The cushion did not sink when she seated herself.

“Ju-hai, you’re precious! You’re fabulous! Keeping your wits about you that way! Of course the cushion doesn’t sink; I really have little weight; and in your world, I don’t have any.” She patted her hip. “Looks good, but simply not solid enough. None of me. Well, not yet.”

“But you changed my inked lines on the jade and you drew new lines.”

“You’re impossible! If I did have a solid body, you’d not love me to death, you’d question me out of existence! So I’ll tell you all about it. I was a nun and I did so much good work, as they call it, that the Emperor of Heaven made me an Immortal, and I went to work for Lady Chang Wo—jade is made of moonbeams, you know.”

“You make all the jade—”

“No, I race around wherever jade is found in the entire world and I see to it that the elemental spirits who turn moonbeams into jade do their work properly—and—and—” Mei-yu rose to her feet and laid a hand on his wrist. Her eyes were misty, glowing, a luminous, dark wonder. “I was a virgin when I became an Immortal; I’ve never had a lover—and you’re wondering just how—”

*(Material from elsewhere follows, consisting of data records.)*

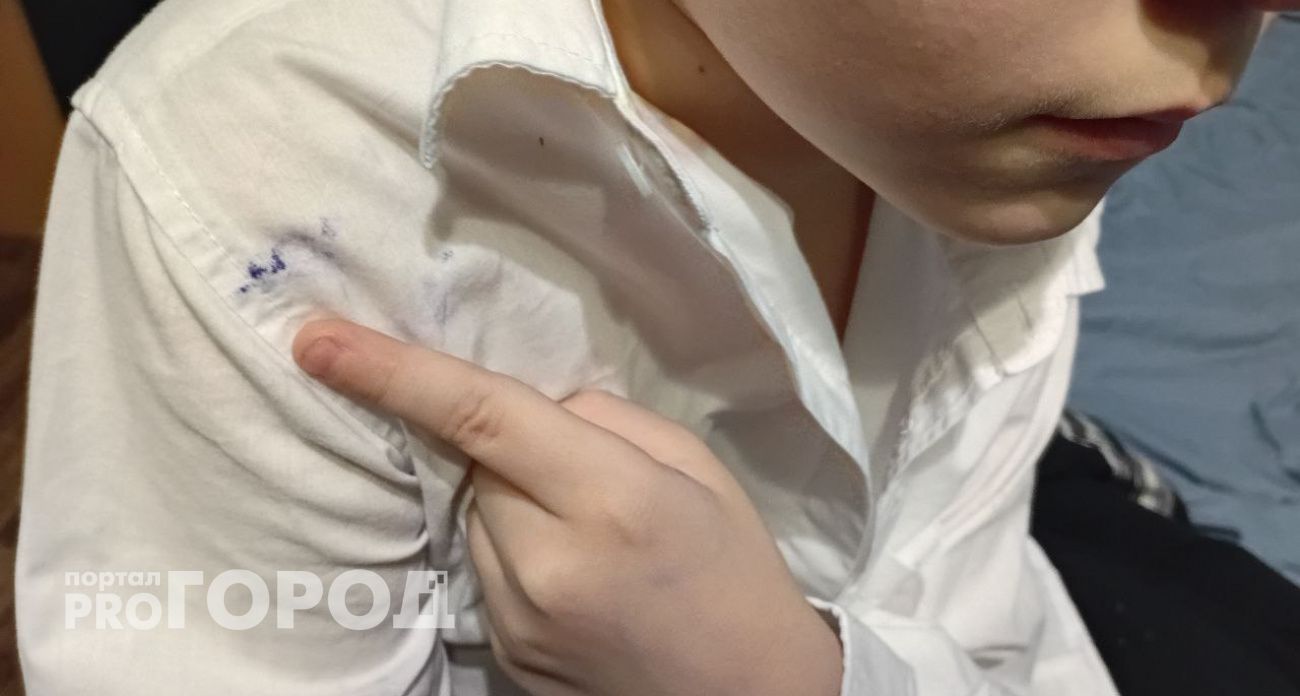 Одно простое средство с кухни в два счета смоет пятна от ручки с белой рубашки: есть у всех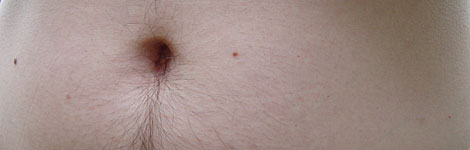 A gut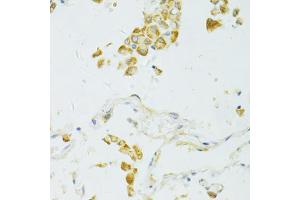 Immunohistochemistry of paraffin-embedded human lung cancer using SIRT2 antibody (ABIN6291363) at dilution of 1:100 (40x lens). (SIRT2 anticorps)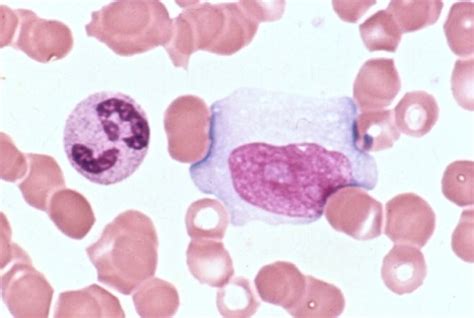 How to identify lymphocytes in a blood smear | Pathology Student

“With a Buddhist nun, o mi to fu! But with a Goddess—”

“Ju-hai, I’m not a nun, haven’t been for years, and I’ve never been a Goddess. I’m simply a woman, only not as solid as Lan-yin.”

“But I’m not an Immortal—do I have to—”

She swayed toward him. “We’re going to meet again; and next time, you won’t have to wonder how to become as frail as I am now.”

Mei-yu reteated to the court. He stood for moments before he could accept the fact that somewhere short of the shadows of a bamboo she had become entirely moon glamour enveloped by darkness.